Что же происходит в городе? Этот вопрос интересовал на всех., но все боялись выходить из дому.  Мое любопытство было на столько сильно, что не смотря на уговоры Ольги не делать этого, я собрался проникнуть в центральную часть  города, к порту и самому увидеть обстановку. Делать это, по логике здравого смысла, мне было очень опасно. Я мог вызвать подозрение любого немецкого патруля: молодой русский мужчина, без пропуска и без особой необходимости слоняестя по городу... Задержать до выяснения, а это означало конец всему. .. Теперь я понимаю, что поступил безрассудно тогда. Мне повезло случайно... Правда, завидев патрули, я старался их обходить... Прохожих было  мало, но всё же ещё были.  Быстро куда-то спешили пожилые женщины, иногда с детьми. Проходили  мужчины, видимо работавшие где-то, у них были пропуска.

[ том 1, лист 144 ] Так, вскоре, я оказался на Приморском бульваре, у памятника Ришелье, у Потемкинской лестницы. В порту сновали катера, у пирсов стояли баржи и суда. а судоремонтном заводе что-то горело.

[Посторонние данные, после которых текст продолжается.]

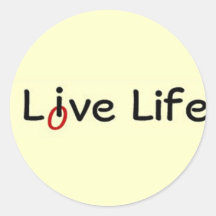Live Life, Love Life Round Stickers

Здания, что выходили фасадами к Потемкинской лестнице, к памятнику Ришелье, были огорожены колючей проволокой и охранялись немецкими часовыми. Из окон всех трех этажей, в которых уже давно не было стекол (от мощных взрывов в порту они вылетели), выглядывали русские и украинские парни. Говорили, что их доставили баржами из Крыма и они ждут дальнейшей своей участи. Позднее я узнал, что многие из них погибнут в море, в закрытых трюмах барж, которые их будут транспортировать в Констанцу, в Румынию. Сейчас я подумал, что меня могли свободно задержать на этом бульваре и не разбираясь втолкнуть в этот временный лагерь для русских парней!
Тогда же, я подумал: надо срочно сматываться и дай бог, чтоб не нарваться на патруль. Видимо родился счастливым, пронесло и на этот раз.

В этот день изменился поток машин и отдельных групп солдат. Они спрашивали как выдти на дорогу, которая ведет на Овидиополь и Аккерман. Видимо и вправду станция Раздельная для них закрыта, вот они бросились по единственной для них дороге по берегу Чёрного моря.  Вечером в квартиру пришлось Семёну Викентьевичу впустить на ночлег трех немецких солдат. Один из них - фельдфебель - на ломаном русском языке попросил их накомить. Он достал бутылку шнапса, галеты и, видимо, повидло. Они же достали буханку-кирпич хлеба. Всё это было выложено на столе. Феня Ив. поставила на стол остаток борща, вскипятила чайник. Они пили и ели одни, не приглашая хозяев к столу. Им отвели на ночлег переднюю, самую большую комнату.

[ том 1, лист 145 ] Фельдфебель, перед самым сном, расстегнул кобуру и вытащил "парабеллум" и сунул его под подушку на диване. Два других развалились на полу, на расстеленных матрацах. Мне пришлось кое-как примоститься в маленткой комнате, где стоял, бездействующий теперь верстак Семёна Викентьевича. Было очевидно, что они драпали самостоятельно и утром спрашивали дорогу с направлением на Овидиополь. Опять Овидиополь. Почему? Значит станция раздельная их не пропускает!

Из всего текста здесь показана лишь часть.